Modi turns unassailable

Shaadaab S. Bakht


Shaadaab S. Bakht, who worked for famous Indian dailies The Telegraph, The Pioneer, The Sentinel and wrote political commentaries for, is Gulf Today’s Executive Editor.


Amit Shah, the head of the BJP party (second from left) and Narendra Modi after the election results were announced. File


Narendra Modi is back again as premier. And we mustn’t grudge him for that because he has been elected and not selected, and by millions. Some of us may not agree with his ways — pro-corporate stand, an inconsiderate plan to get rid of black money, extremely tardy response to fugitive tycoons — and that is our democratic right.

That he went ahead with his agenda sidestepping all concerns was his democratic right.

‘India is the world’s largest democracy, which recognises nothing but numbers, and Modi has them in unchallengeable proportions’

India is the world’s largest democracy, which recognises nothing but numbers, and Modi has them in unchallengeable proportions.  

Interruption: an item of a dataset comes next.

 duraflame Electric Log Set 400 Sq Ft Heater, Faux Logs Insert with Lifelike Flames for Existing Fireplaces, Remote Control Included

The voting, that took place over weeks, indicates and in no uncertain terms that the Bharatiya Janata Party (BJP) completely blew the Congress Party out of the water and left it unhealthily beached.

The record margin of the victory can’t be attributed to the economy because it is stuttering or to the agricultural sector because its woes are common knowledge or to the employment factor because it is anything but sound. 

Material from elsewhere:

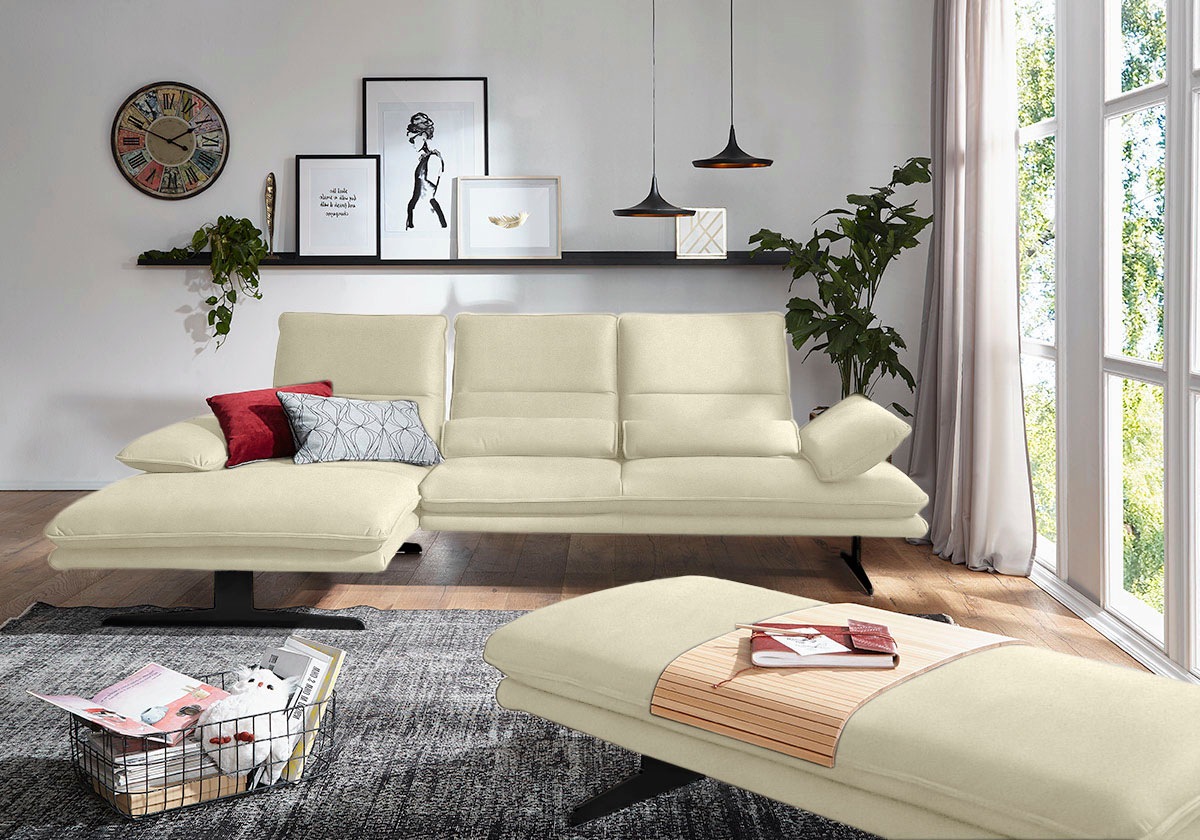 Ecksofa W.SCHILLIG "broadway, Designsofa mit tollem Sitzkomfort", beige (sahara s37), B:291cm H:94cm T:164cm, Stoff S37 (100% Polyester): Luxus-Microfaser in Lederoptik, Sofas, Sitztiefenverstellung, Kopfteil- & Seitenteilverstellung, Breite 291cm Image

Therefore, there is a serious temptation to believe that apart from the sanitation and the rural electrification programmes what must have really brought home love for the BJP was its unadmitted campaign to conquer the fear of the insatiable advocates of majoritarianism, who felt that all political outfits had gone too far with their policies of minority appeasement.

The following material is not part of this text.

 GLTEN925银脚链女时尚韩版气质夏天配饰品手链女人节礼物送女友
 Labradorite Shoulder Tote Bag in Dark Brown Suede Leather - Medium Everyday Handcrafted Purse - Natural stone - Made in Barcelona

The fear-stricken had thought that the minorities’ share of the pie was growing at an alarming rate and had to be stopped.

The subtle effort of the BJP on that front was reflected in the speeches of its leaders. A party big-timer referred to the minorities as termites. Another heavyweight said, “If you want to eat beef go to Pakistan.”

That kind of front-bench rhetoric was expected to earn rich dividends in a country where the political boiling point is extremely low. And it did.

Well, all isn’t lost for the nearly 12 per cent of the Indians. The prime minister did speak of an inclusive India as he reacted to his incredible triumph.

“Unfortunately, minorities of this country have been kept in fear, used in elections. We have to end this cycle,” Modi said, calling for winning the trust and confidence of the minorities.

He accused the opposition parties of keeping the minorities confused and frightened, instead of working on the improvement of education and health among them.

We are sure Modi will not change his position on the minorities, but unfortunately his colleagues could because in the world of realpolitik truth is viewed as a highly demanding intruder and fair play an unrelenting adversary.